For the most part, Gravity is a film all about the experience, kind of like the ultimate space simulator with a story or an IMAX space documentary gone wrong. However, Cuaron and his actors do take the time to lay out some universal themes and emotions that only heighten the impact of the spectacle. The film is ultimately about overcoming adversity and tragedy through growth and rebirth. That’s about as simple and elemental a theme as exists in drama. Some sniffy overly intellectual folks might consider it hackneyed, but there’s something admirable about the directness and simplicity of the entire project. If you’re going to provide an audience with a visual and technical experience unlike anything they’ve ever experienced, you don’t need much complexity elsewhere. The themes Cuaron explores are universal and he elegantly incorporates them into the film in a way that only heightens the audience investment in the material. Let’s face it, blockbusters are simplistic as a genre. But rarely are they poetically simplistic.

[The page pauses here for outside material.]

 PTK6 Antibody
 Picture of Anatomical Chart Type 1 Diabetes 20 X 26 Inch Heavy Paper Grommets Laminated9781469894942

At the center of it all, Sandra Bullock expresses the loss, tragedy, and sheer terror of her character exquisitely. The film must have been a nightmare to make and yet, you’d never know it. She lives and breathes her character with such intensity and emotion that you’ll never once picture her dangling from wires against a green screen struggling to play pretend. The same goes for George Clooney, whose natural charm and charisma essentially are his performance, yet he provides an easy entry point to guide viewers into the movie. At first it was a bit worrying to see such marquee names on a poster for a movie that didn’t need them, but given how stripped down the script is and how focused the film is on creating a heightened experience for the audience, having two actors who instantly feel known and relatable to the audience helps get the ride up and running instantly with no screen time wasted setting things up.

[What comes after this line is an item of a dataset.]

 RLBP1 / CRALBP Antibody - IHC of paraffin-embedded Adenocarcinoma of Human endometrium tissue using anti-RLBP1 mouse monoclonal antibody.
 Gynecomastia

You’ll be hearing a lot of Gravity this year. The film was a $100 million experiment that worked and is sure to leave audiences drooling in delight. The hype machine on this one is already up and running and it’s sure to only get more intense was audiences are allowed in on the fun. For once, it’s safe to believe the hype. What Alfonso Cuaron has created is remarkable. Miraculous, even. It’s hard to even describe why, and truly needs to be seen and experienced to be believed. So do that. Pick the biggest screen you can, sit as close to the center of the theater as possible, butter up your popcorn, and prepare to be wowed. Movies like this come along once in a decade if we’re lucky. Savour it.